What is in this repository?

This repository features a workflow for examining changes in precipitation extremes projected by downscaled climate model output and use these to create future DDF curves. Because downscaled climate simulations have inherited biases and the spatial resolution does not match that of the precipitation records used to create DDF curves, we cannot directly use these simulations to study what will occur in the future at a specific location. There exists several techniques to address this challenge, and in this tool we use the Empirical Quantile Delta Change, in which we investigate changes between historical and future simulations for specific quantiles of the extreme rainfall distribution. These changes or most commonly called, change factors are applied to the point-scale extreme rainfall quantiles, assuming that changes at the native downscaled projections grid will occur at the station scale.

1. You can download climate model data and clip the data to a desired study domain. You must have installed in your computer the Climate Data Operators (CDO) tool. See below for further details.

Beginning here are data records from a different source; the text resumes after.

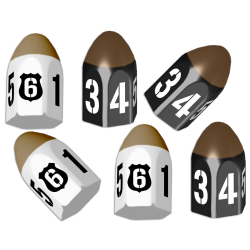 Table game Tiny Epic Crimes 6 Pack Bullet Dice from Gamelyn Games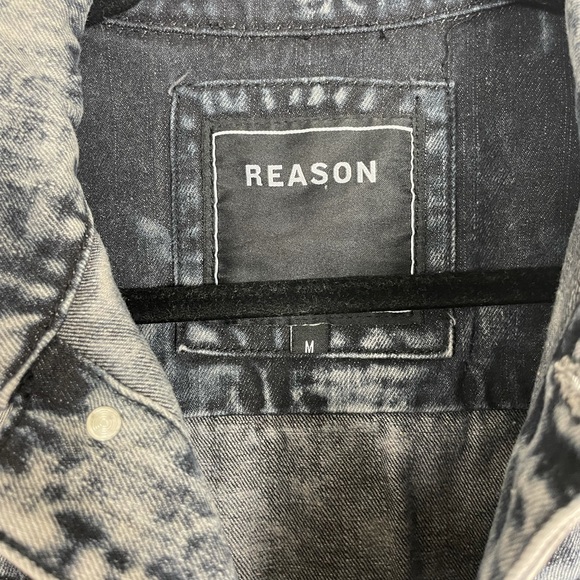 Reason Printed Jean Jacket - Picture 4 of 5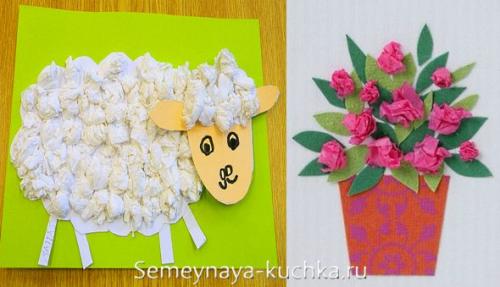 Поделки с детьми 3-5 лет. Для детей 1 года и 2 лет.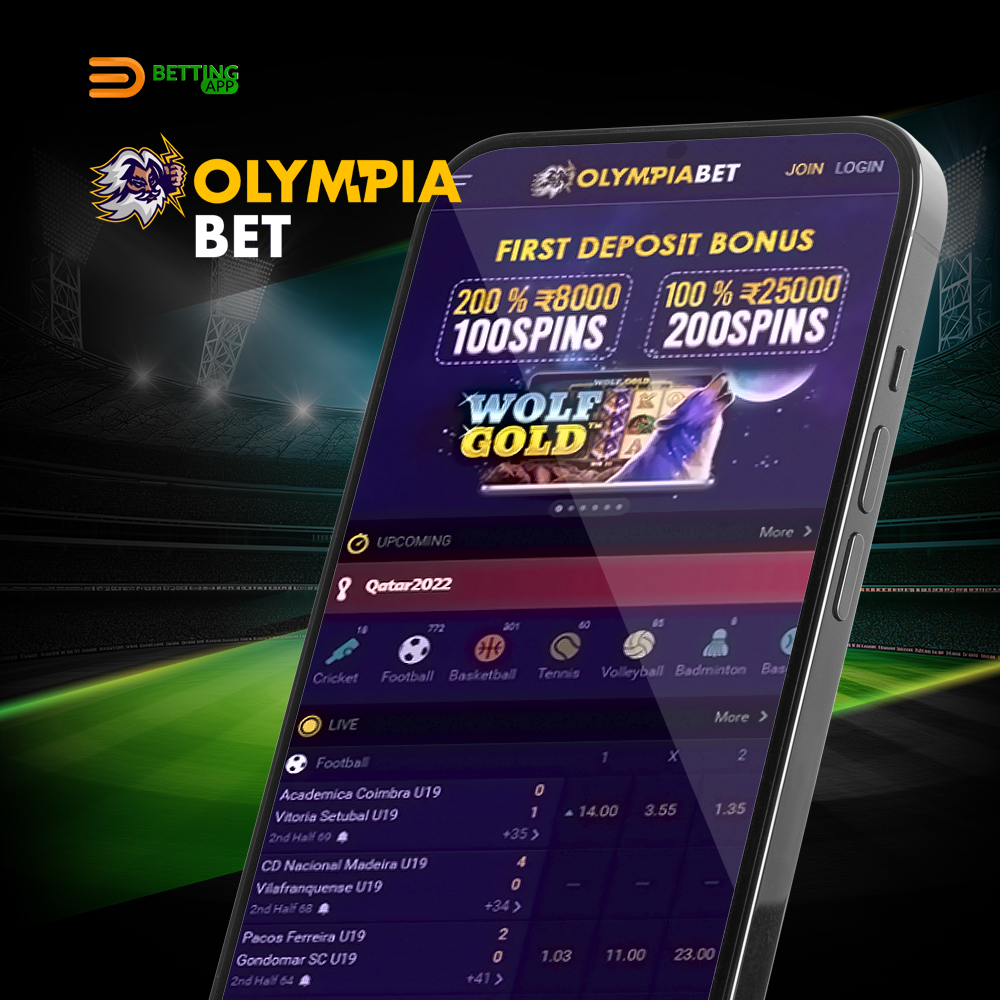 Live betting on IPL in Olympiabet mobile app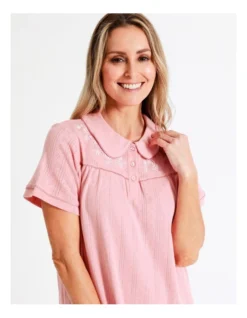 SOHO Knit Short Sleeve Nightie In Dusty Pink 10 SOHO Knit Short Sleeve Nightie In Dusty Pink -SOHO Shop 943343740 943353820 4 720x928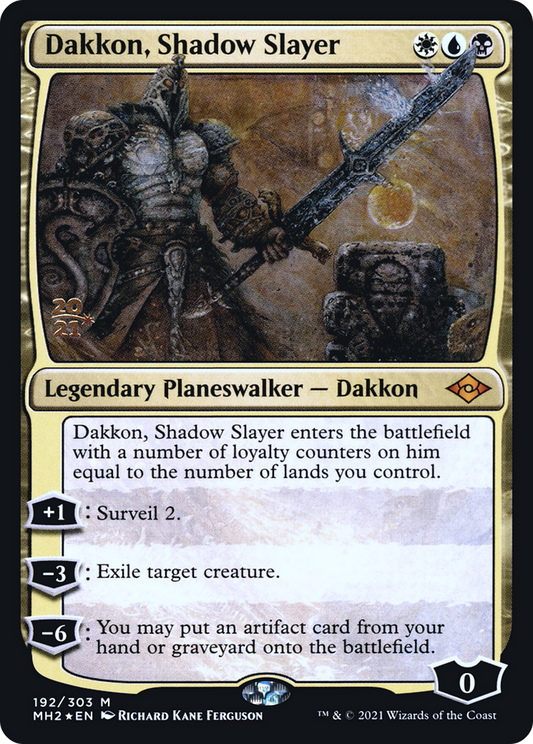 Dakkon, Shadow Slayer (192) (Prerelease) - Foil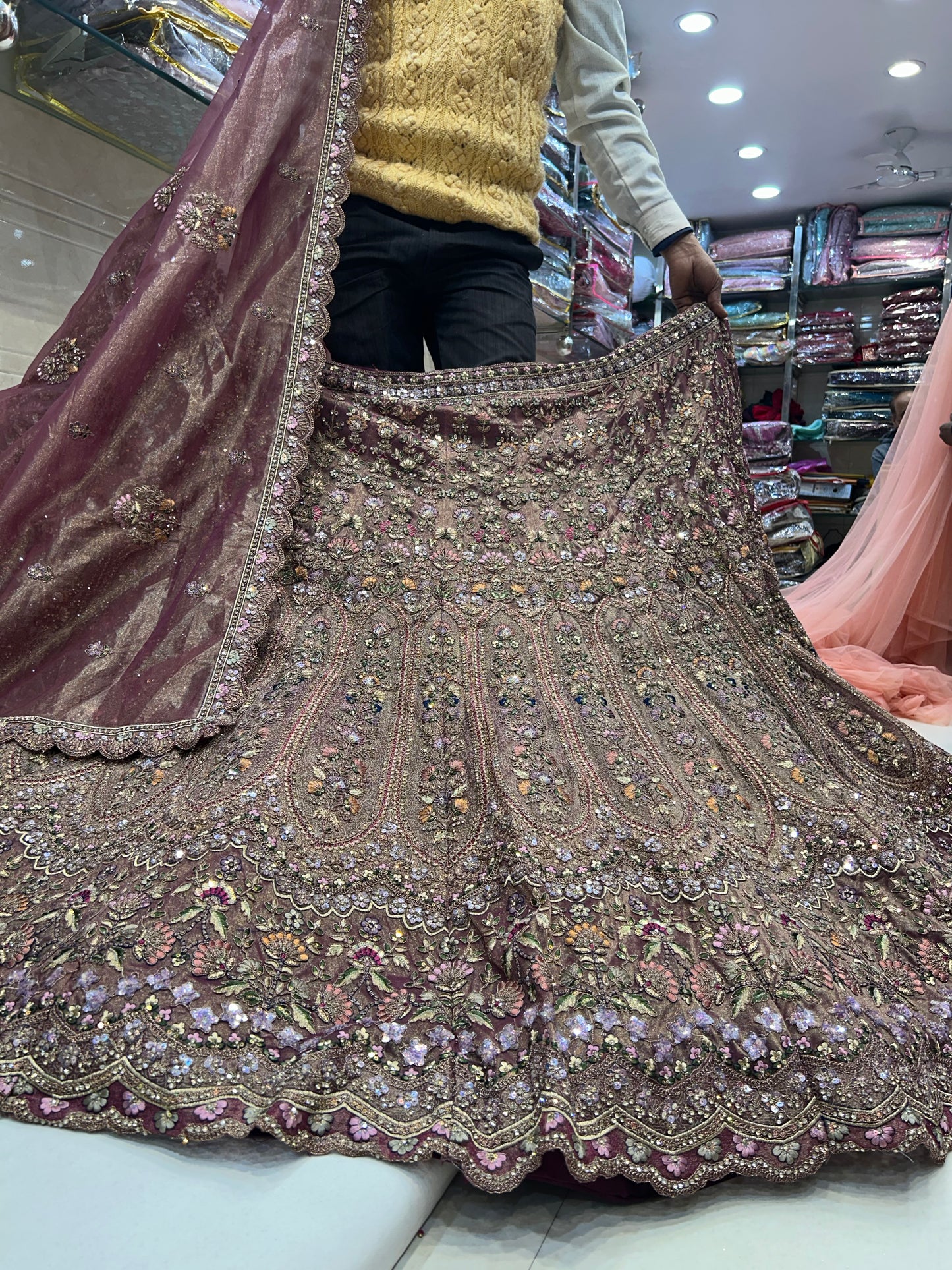 Extraordinary heavy Lehenga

2. You can extracts time series of a desired variable for a user-specified time period (e.g., 1950 to 2000) and further extracts the partial duration series (PDS), in other words, the largest n independent events in the time series, where n is the number of years in the series. Two events are independent if they are at least m days apart. m can be controlled by the user. The default value is 7 days.

3. You can fit a parametric distribution to model PDS. The third component uses the R library extRemes to model the PDS. The extRemes library allows the user to select different extreme value theory distributions and fitting methods to model the PDS. The current setting is set to Generalized Extreme Value (GEV) distribution, which is often used to model extreme events, and the fitting method is set to the Generalized Maximum Likelihood Estimator, described in (Martins and Stedinger, 2000). Besides fitting a GEV model, this component also estimates the return levels for several exceedance probabilities. The default quantiles correspond to the 2-, 5-, 10-, 25-, 50-, and 100-year average recurrence intervals. This will be later adapted to accept user-specified exceedance probabilities.

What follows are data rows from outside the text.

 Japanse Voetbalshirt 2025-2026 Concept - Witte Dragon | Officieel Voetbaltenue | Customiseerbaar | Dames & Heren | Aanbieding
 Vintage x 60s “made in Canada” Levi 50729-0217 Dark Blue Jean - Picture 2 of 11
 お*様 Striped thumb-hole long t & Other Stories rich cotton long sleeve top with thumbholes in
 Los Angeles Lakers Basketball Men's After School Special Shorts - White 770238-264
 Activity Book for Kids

4. You can estimate change factors (future/historical) between different periods. Once return levels for desired exceedance probabilities have been estimated for both the historical and future simulations in component 3, this component computes the change factor (the ratio between future and historical) for each member of a given downscaled climate model data set. It also gives the option to compute an ensemble statistic over the change factors of each member. The statistic can be controlled by the user, but the default value is set to median. The change factors are stored in CSV and text file format.

5. You can convert the text change factors to raster format. You can also estimate areal change factors by specifiying the polygons (from a shapefile) over to estimate the areal change factor. The method currently relies on the R libraries raster, rmapshaper and exactextractr. The data can be either stored as a shapefile or a geojson file (requires geojsonio library).

Requirements

• Python 3.6+
• R 3.5+
• CDO tools

How to use this repository?

1. Clone this repository, and install dependencies.

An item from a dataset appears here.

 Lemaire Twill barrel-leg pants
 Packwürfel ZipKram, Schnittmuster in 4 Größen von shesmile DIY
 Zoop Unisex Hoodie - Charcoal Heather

   git clone https://github.com/tplopez/future_idf.git
   cd future_idf
   # Python requirements
   pip install -r requirements.txt
   # R requirements
   rscript install_r_packages.r

   We recommend installing Python requirements in a virtual enviroment and specify where to install R packages to prevent conflicting package versions.

   The Climate Data Operators (CDO) (https://code.mpimet.mpg.de/projects/cdo/) tools must also be installed in your computer. For Mac users, you can install the CDO tools via brew. For other systems, please visit the CDO official website for installation guidance.

2. Download and clip netCDF files to a specific domain.

   • Create a text file (e.g., scripts/urls.txt) where each line is a url to download your selected GCM output.
   • Download and clip GCM data to your specific domain (in case it covers a larger domain) ./scripts/download_and_clip.sh /path/to/urls.txt. The default bounding box in the script is -84,-72,36,44 which covers the Ohio River Basin, Virginia and partially covers other states in the surrounding area. If you are interested in a different domain, modify the script accordingly. Running this script will create a climate_data directory under the repository home directory and will download the file to this folder.

3. Extract Partial Duration Series for each grid cell center of the gridded downscaled GCM output.

   • Use scripts/batch_pds.sh for running in batch, or code/extract_pds.py for a single netCDF file.

     If running in batch, you need to specify a few options in the scripts/batch_pds.sh to your desired configuration before running.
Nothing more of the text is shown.